M. Comeau a également relaté la situation chez les contrôleurs routiers. Avec le nouveau système, ils ont vu le nombre de clics nécessaires pour obtenir de l'information bondir de manière importante, passant de 5 à 35.
«Leur système est déficitaire et il ne va pas bien», a dit M. Comeau.
Selon l'enquête de la commission, plusieurs des organismes rencontrés ont dit avoir perdu confiance en la SAAQ et ont reproché à la société de les avoir informés tardivement sur la transformation numérique.
M. Comeau a indiqué que plusieurs des problèmes rapportés ont été réglés ou en partie, mais il en reste qui sont non résolus. Il a également précisé que les constats de l'enquête ne «constituent qu'un échantillonnage des problématiques et impacts découlant du déploiement» du projet.
«Quasiment des débuts d'émeute»
Plus tôt vendredi, un vice-président de la SAAQ a décrit le climat dans les points de service lors des premières semaines du déploiement raté de SAAQclic.
Si au départ les clients se montrent compréhensifs, la situation a ensuite «dégénéré», selon Jean-Philippe McKenzie, vice-président à l'accès sécuritaire au réseau routier de la SAAQ, de qui relèvent les points de service.
«Il a commencé à y avoir des comportements où les employés se faisaient crier après. On était obligé de faire intervenir la police parce qu'il y avait des fois quasiment des débuts d'émeutes dans les files d'attente», a-t-il raconté.
Des employés étaient aussi confrontés à des «propos d'une vulgarité insensée», a ajouté le vice-président.
«On a fait intervenir trop souvent la police pour des situations qui étaient inacceptables», a-t-il dit.
Dès les débuts en février 2023, des employés se sentaient impuissants devant les difficultés de servir les clients. «L'état des troupes, c'est des groupes en détresse, des gens qui pleurent. Des gestionnaires qui quittent et qui demandent de l'aide», a évoqué M. M. McKenzie.
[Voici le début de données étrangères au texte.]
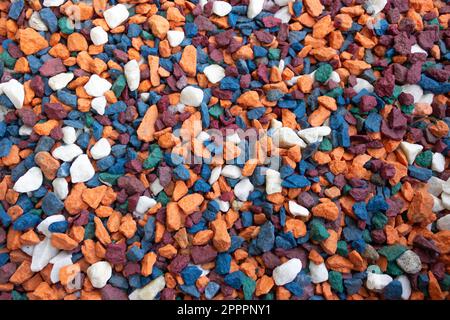 Kleine Kieselsteine in leuchtender Farbe, der Hintergrund ist blau, weiß, orange, burgunderrot. Stockfoto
Des ressources de plusieurs autres départements de la SAAQ ont été appelées en renfort dans les points de service, en plus de retraités. «Le mot va être fort, mais c'était un plan de conscription. Il n'y avait pas un secteur qui pouvait dire non», s'est souvenu M. McKenzie.
Divers autres types de ressources et de mesures ont également été déployées sur le terrain pour affronter la crise. «La priorité, c'était de rétablir les services à la clientèle coûte que coûte sans égard aux coûts», a soutenu le vice-président.
Il ignorait les bogues
M. McKenzie a dit qu'il «aurait posé davantage de questions» aux firmes informatiques s'il avait été mis au courant des nombreuses anomalies détectées quelques mois avant le lancement de SAAQclic.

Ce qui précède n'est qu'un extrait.